Saving recognition results as a file
To save recognition results to a file or write them to the memory stream, use page_save()
method.
The file format is defined by save_format
property of recognition settings. The following formats are supported:
Format | Description |
---|---|
file_format::txt |
Plain text with line breaks. |
file_format::pdf |
Portable Document Format. |
file_format::docx |
Microsoft Word document (version 2007 or later). |
file_format::format_rtf |
RTF, a universal format for exchanging rich text documents between different word processing programs. |
file_format::xlsx |
Microsoft Excel spreadsheet (version 2007 or later). |
file_format::format_json |
JSON is a popular format widely used in software development and data exchange. The de facto standard for websites and REST APIs. |
file_format::format_xml |
Extensible Markup Language (XML), a universal data exchange and storage format for most systems. |
directory dir(".");
const string current_dir = dir.full_name();
const string image = current_dir + "p.png";
const size_t len = 6000;
wchar_t buffer[len] = { 0 };
RecognitionSettings settings;
settings.save_format = file_format::docx;
aspose::ocr::page_save(image.c_str(), "result.docx", settings);
Saving recognition results as a multi-page document
You can merge several recognition results into one document. Simply provide several images as a semicolon-separated string to page_save()

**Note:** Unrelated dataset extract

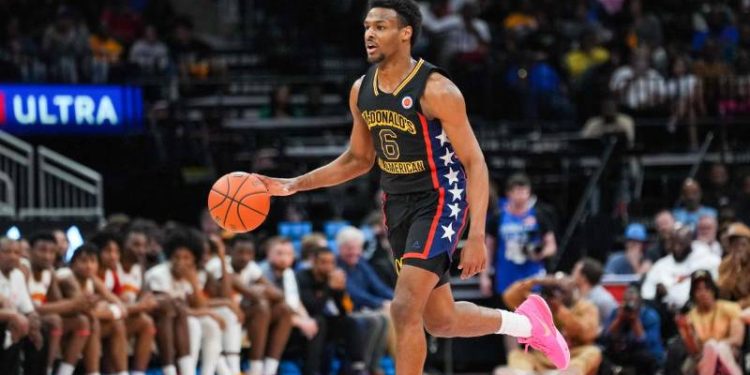 LeBron James'in oğlu kalp krizi geçirdi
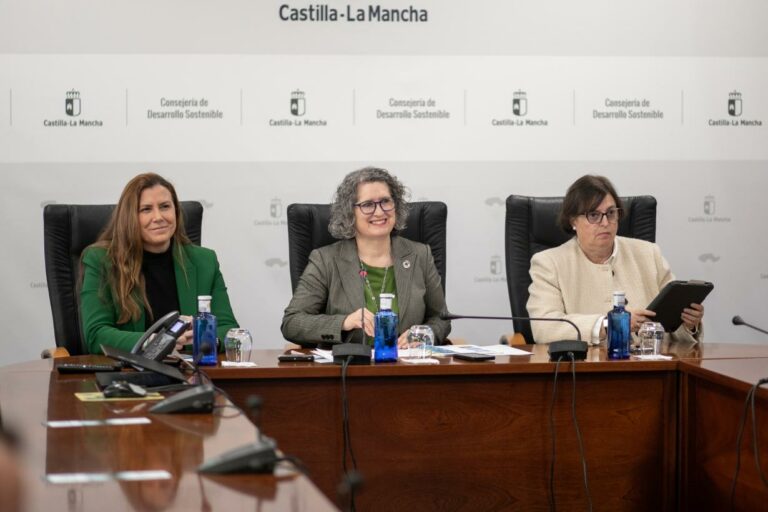 El Gobierno de Castilla-La Mancha reconoce a ‘Los hombres del río’ de Daimiel, ‘Hidralab Ingeniería’ y los ‘Guardianes del Tajo’ en los premios del Día Mundial del Agua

method. This can be useful for recognizing books, contracts, articles, and other printouts consisting of multiple pages, as well as for batch recognition.
const size_t len = 4096;
wchar_t buffer[len] = { 0 };
RecognitionSettings settings;
settings.save_format = file_format::pdf;
asposeocr_page_save("1.png;2.jpg;3.jpg", "result.pdf", settings);
When saving recognition results in PDF format, the original image is placed as the background of the resulting document. The recognized text is added as an invisible overlay on top of the background image, and can be searched and copied to the clipboard.